Распрощались бы они так ни с чем, и ломать бы голову бедняге, как к Джанерти идти с ответом, в ГПУ – решил бесповоротно – только под конвоем, но заявился дотошный Ширинкин. Участковый надзиратель ступил на порог Камытина не один, подталкивал перед собой двух огольцов-оборвышей малолетних. Объявил, что пугнул ватагу беспризорников проверить подвалы в заброшенных развалюхах, а те наткнулись на висельника, по описаниям – вылитый Лихомер. Трогать оборванцы его побоялись, вонь вокруг, мухота облепила покойника.
– Что ж ты вылупился на меня? – остудил пыл рапортовавшего Ширинкина Камытин. – Не знаешь, что делать?
– Нам-то зачем это дело? – сообразительный Ширинкин враз потускнел с досады. – Сообщу жинке, пусть хоронит. Неужто главного их в медэкспертизе Курдюма[5] подымать? Небось сама и довела мужика.
– А криминал?! – сдвинул брови Камытин. – Под монастырь вздумал меня подвести? Им же в прокуратуре интересуются!
– Тогда что ж?.. Сразу б и сказали, – смутился участковый. – Вот напасть на мою голову!
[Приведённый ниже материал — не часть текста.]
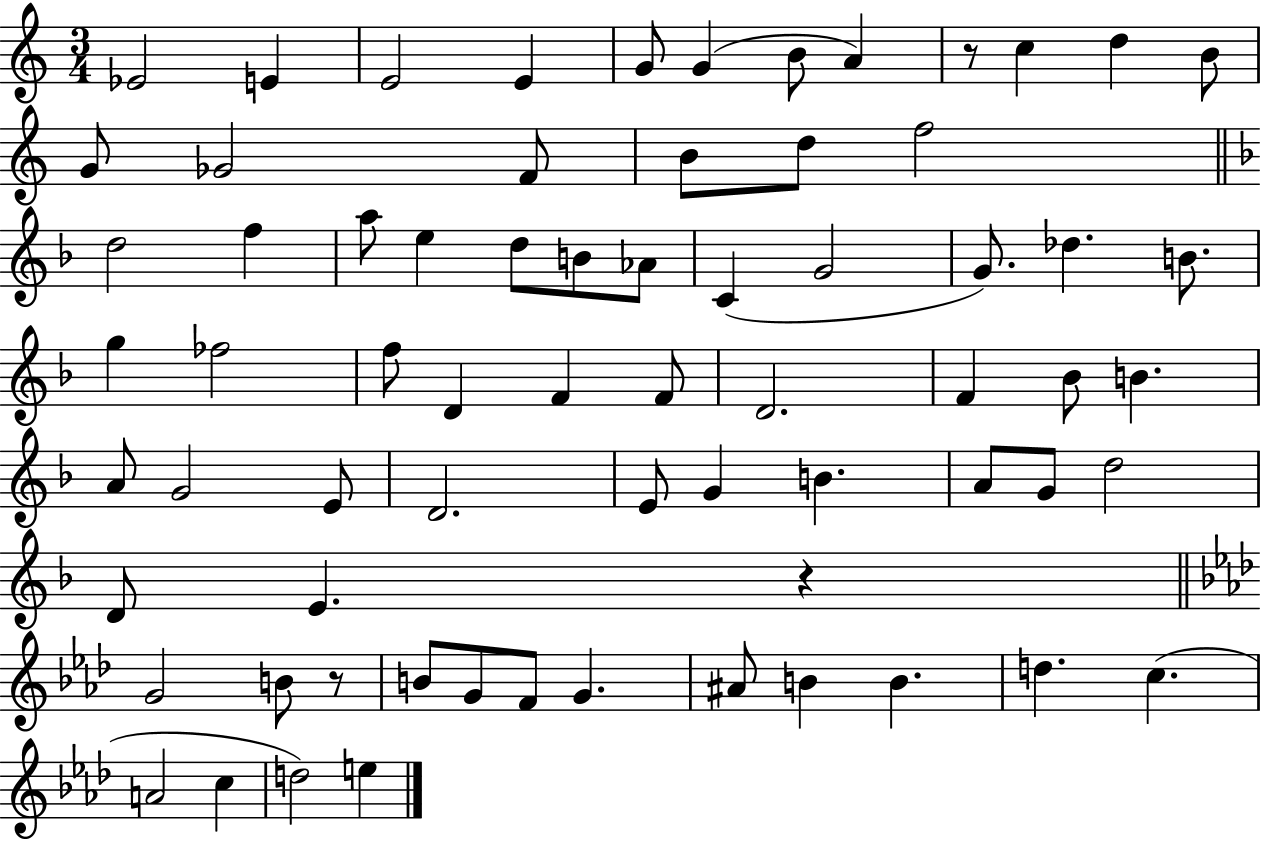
Eb4/h E4/q E4/h E4/q G4/e G4/q B4/e A4/q R/e C5/q D5/q B4/e G4/e Gb4/h F4/e B4/e D5/e F5/h D5/h F5/q A5/e E5/q D5/e B4/e Ab4/e C4/q G4/h G4/e. Db5/q. B4/e. G5/q FES5/h F5/e D4/q F4/q F4/e D4/h. F4/q Bb4/e B4/q. A4/e G4/h E4/e D4/h. E4/e G4/q B4/q. A4/e G4/e D5/h D4/e E4/q. R/q G4/h B4/e R/e B4/e G4/e F4/e G4/q. A#4/e B4/q B4/q. D5/q. C5/q. A4/h C5/q D5/h E5/q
В Мариинку[6] свезти окаянного?
– Готовь мужиков да телегу и отправляйся с пацанвой к трупу, – поморщился Камытин. – Дам знать Джанерти, капризный он человек, может, свои намерения имеет…
У трупа оказались все: Джанерти с Камытиным, Ляпиным, с судебным медиком Дудкиным – на автомобиле прокуратуры, следом Ширинкин с Узилевским – на пролётке, телега с мужиками и пацанвой для перевозки тела – с запозданием.
Натянув резиновые перчатки, простуженный, постоянно кашлявший Дудкин, согнав мух, первым делом сунулся в карманы и недаром: тут же вытащил на свет бумагу и подал её Джанерти со значительным видом.
– Отписано два дня назад, – брезгливо повертел развёрнутый грязный лист следователь. – Тут целая исповедь… ну, а если совсем коротко, – в смерти просит никого не винить, запутался с собственными делами.
– Вот, – выступил на шаг Ширинкин. – Что я говорил? У них, у дельцов, в паутине своей же запутаться, что тому паршивцу плевок.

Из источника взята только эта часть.